It sounds trite, but it’s true. If you have no other distractions (no music, no videos, no texts, no Google, no Instagram), nothing else to do but to sit down and stare at a screen or a piece of paper for three hours, sheer boredom will force you to write. It might not be what you planned to write, you might go off on a tangent, but you’ll write. And if you write, you’ll find you like some of what you wrote. You’ll keep it and either use it later, or it will trigger something in your head that will lead to a story.
Personally, I go to the library. I find a study carrel in the back corner, typically in the foreign language section or by the sports books (not a big fan of the history of golf) and sit there.
I’ve written a lot of crap over the years. Some of it I looked at later and decided to re-use. But I’ve written and sold almost three dozen stories using this technique.
AE: What other projects are you currently working on?

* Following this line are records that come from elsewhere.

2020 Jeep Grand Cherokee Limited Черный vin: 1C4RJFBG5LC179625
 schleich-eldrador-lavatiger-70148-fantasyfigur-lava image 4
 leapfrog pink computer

BJ: Several. One is a series of time travel stories (I’ve sold four). Another involves a universe set far, far in the future with people from now who survived the Alzheimers War. And the next episode in the Summit series. Summit is a challenge for me. Fish and Bury Me came out almost twenty years apart. In my head, they could have come out a month apart. I know what happens, what the Ship is, where it comes from, where it goes, about the other . . .
Well, let’s just say I know what happens.
The thing is, knowing what happens in Summit meant it just wasn’t as urgent for me to complete. I knew what happened. It must be obvious to everyone else. So I’ll do something else.
Nope.
So, I’m working on the next Summit right now. And, again, we start the very next day after the vote.
AE: If you could choose one SFnal universe to live in, what universe would it be, and why?
BJ: A lot to pick from! If I got to choose, I’d pick one of my own, obviously, because it would be fun to see everything come to life. Outside of that, we have the classics (Foundation, LOTR, Known Space, etc.), but right now I kind of like the St. Mary’s universe. A nice mix of history, fantasy, humor, and real-life. And Jodi Taylor even slides into a parallel universe just for fun.
AE: What SFnal prediction would you like to see come true?
BJ: Faster Than Light travel. I’d use it as a time machine as well as a travel tool.
For example, something fundamental happened in the Universe five billion years ago. The gradual slowing of the expansion of our observable Universe stopped and reversed. Expansion began to accelerate. What the heck happened?
And the inflation era. Did it really stop or just keep going outside of our observable Universe? And what’s outside our observable Universe?
What is the dark flow flowing toward? Do the same physical laws apply everywhere, or just around here?
And—slightly twisted—I’d like to see the night sky from a planet orbiting the tube galaxies in the center of the Bootes Supervoid. To watch absolute blackness and then—rising into the night sky—a tube of stars cross the horizon from end to end, framed by more of that ultimate black.
AE: Do you have any other advice for up and coming writers?
BJ: First of all, write. Lock yourself away from distractions and write.
Second of all, write against the crowd. If everyone else is writing young adult novels about dystopian futures, write something different. If everyone else is writing sword and sorcery, write something different. If everyone else is writing alternate history, write something different. No one was writing fantasy when Tolkien published LOTR. No one was writing fantasy historical fiction when George published A Game of Thrones. No one was writing SF war stories when Joe Haldeman wrote “Forever War.”
Do something different.
Third, do your research. Make your writing consistent and accurate. Frankly, it’s easier to keep things consistent that way and easier to do your plots. Even if it’s fantasy (I put Westworld, for example, in that category), make the rules consistent for that time and place.